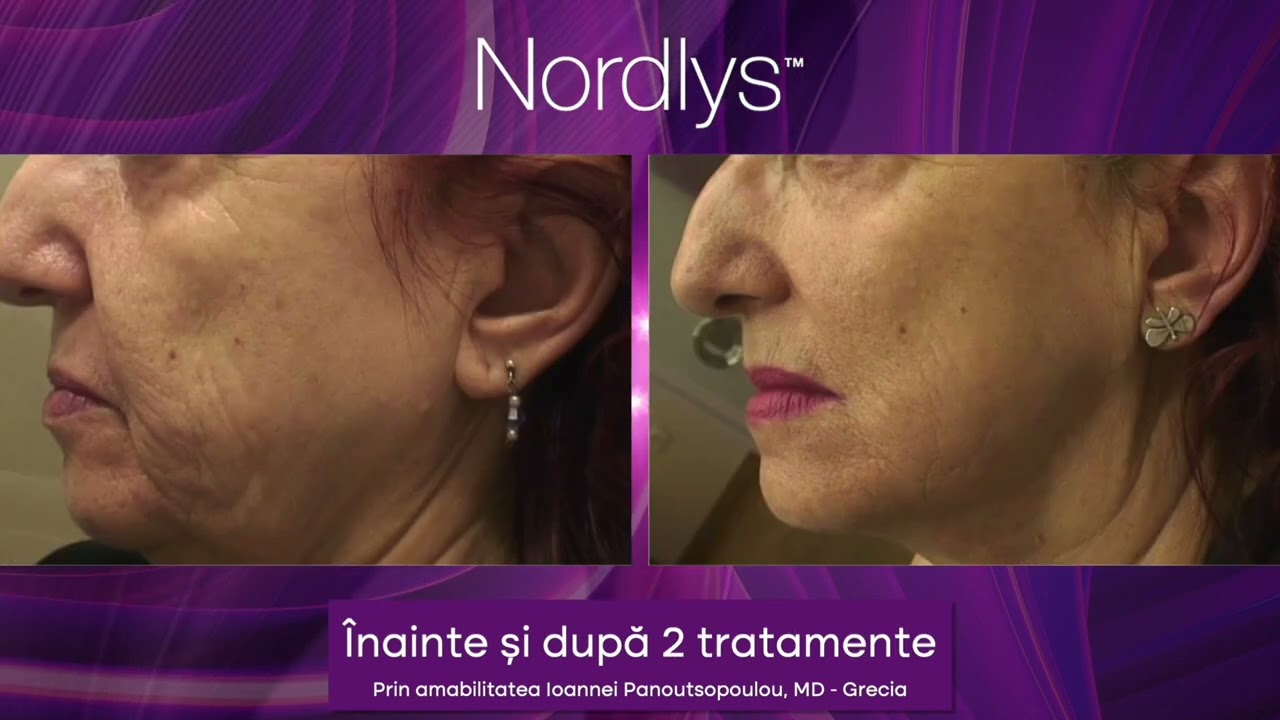 Tratament Laser Antirid
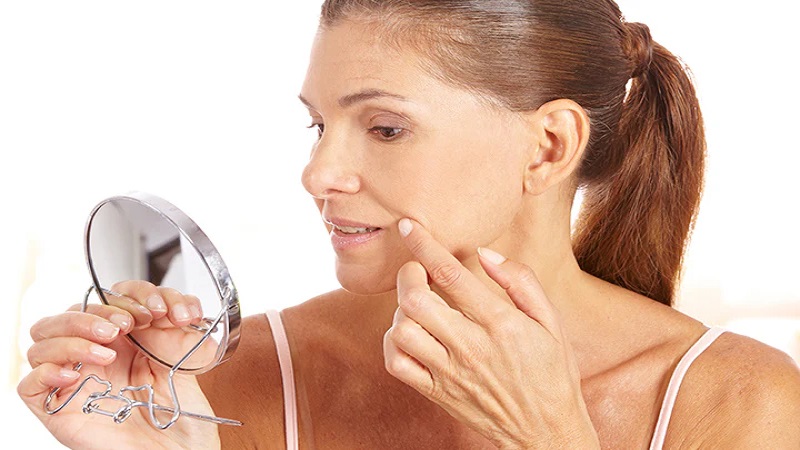 از بین بردن خط خنده | بهترین مطب زیبایی اصفهان - تزریق ژل و بوتاکس اصفهان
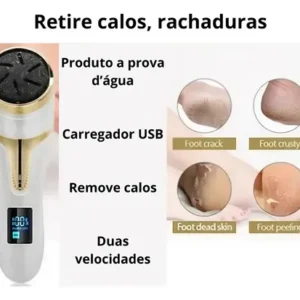 Lixa Elétrica Benedita MT 510 6W USB para Calos e Pedicure - Imagem 5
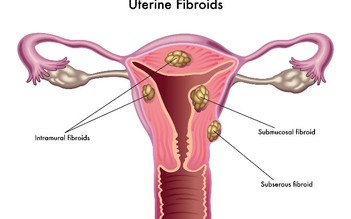 Bác sĩ ơi: Bị u xơ tử cung có nguy cơ bị hiếm muộn không?
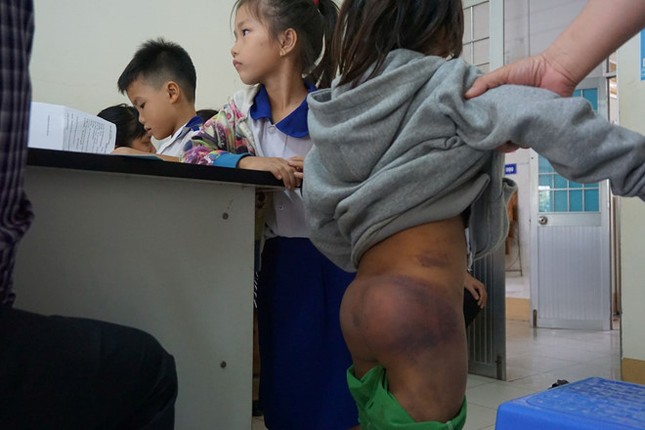 4 học sinh bị bạo hành ở Cà Mau: Ông nội và hai chị họ đánh ảnh 1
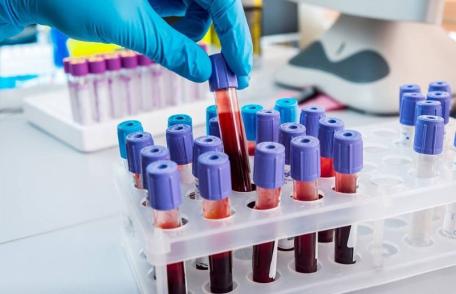 Laboratorul de Analize Medicale al Spitalului Dorohoi introduce analize noi realizate cu aparatură modernă și metode actuale
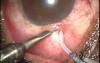 Transciliary Filtration - Mitomycin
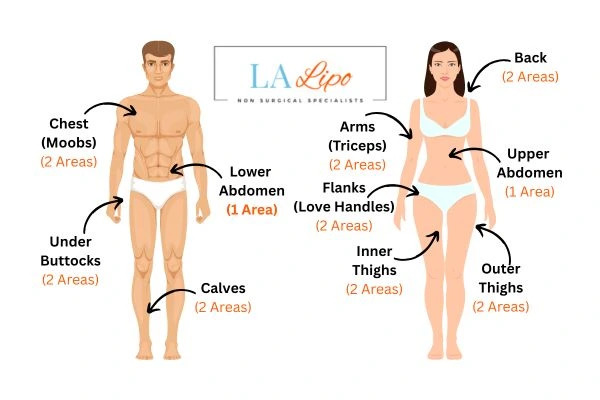 LA LIPO Cryolipolysis Areas Shropshire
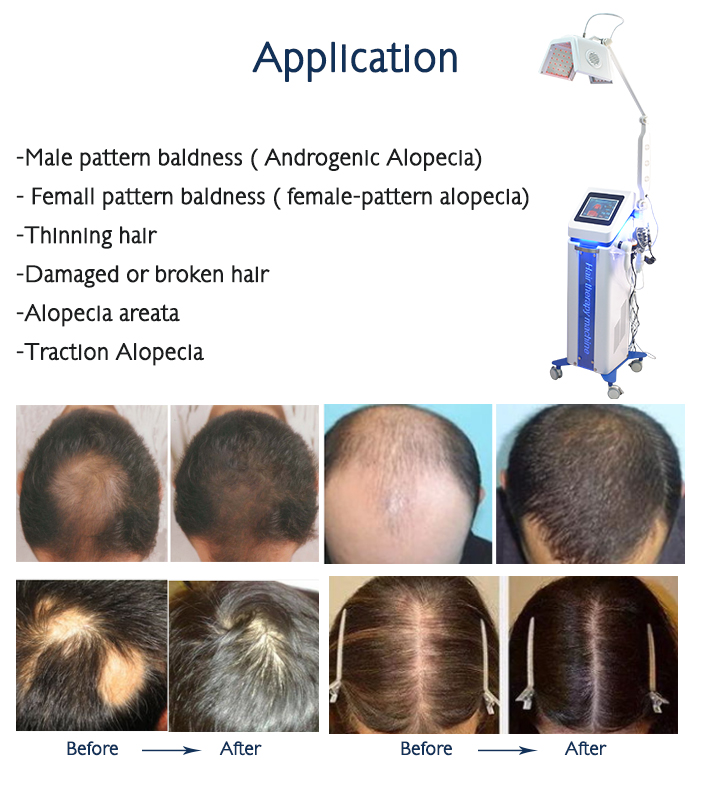 Professional Laser Beauty Machine with Multi Functional System for Hair Regrowth Scalp Hydration and Relief of Itching and Dandruff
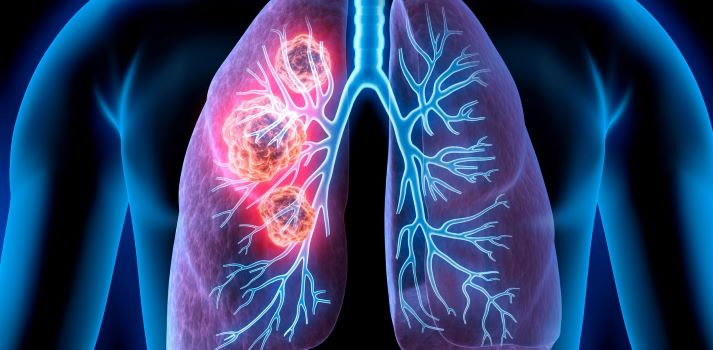 Lungenkrebs Risiken Symptome Therapien Prognose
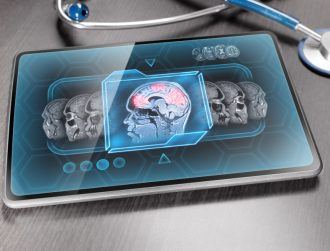 Scientists claim AI-based decoder can translate thoughts into text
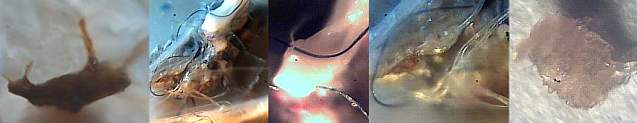 Morgellons fungal slime with fibers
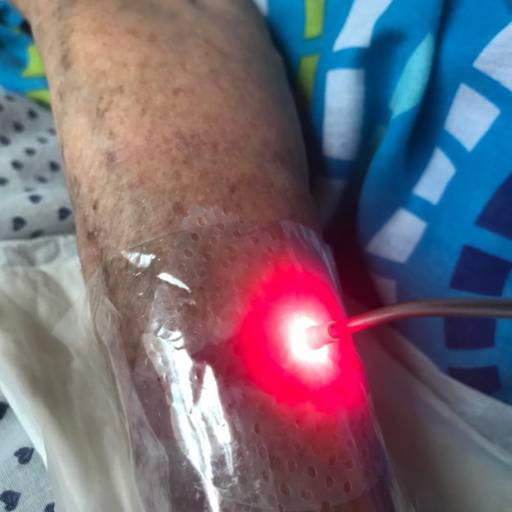 Laserterapia e a PDT (terapia fotodinâmica antimicrobiana)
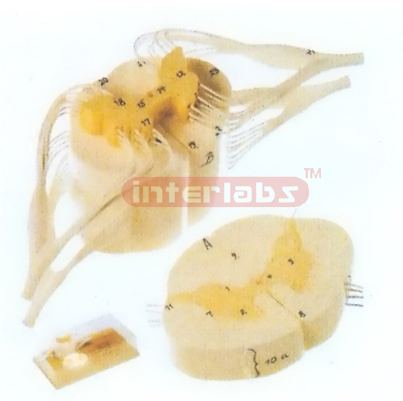 HUMAN SPINAL CORD WITH NERVE BRANCHES Manufacturers and Suppliers From Ambala India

==*==

With the pictures left out, give again exactly the lines from the one with "Transciliary Filtration - Mitomycin" through the end of the data, both included.

Result below:
 Transciliary Filtration - Mitomycin
 LA LIPO Cryolipolysis Areas Shropshire
 Professional Laser Beauty Machine with Multi Functional System for Hair Regrowth Scalp Hydration and Relief of Itching and Dandruff
 Lungenkrebs Risiken Symptome Therapien Prognose
 Scientists claim AI-based decoder can translate thoughts into text
 Morgellons fungal slime with fibers
 Laserterapia e a PDT (terapia fotodinâmica antimicrobiana)
 HUMAN SPINAL CORD WITH NERVE BRANCHES Manufacturers and Suppliers From Ambala India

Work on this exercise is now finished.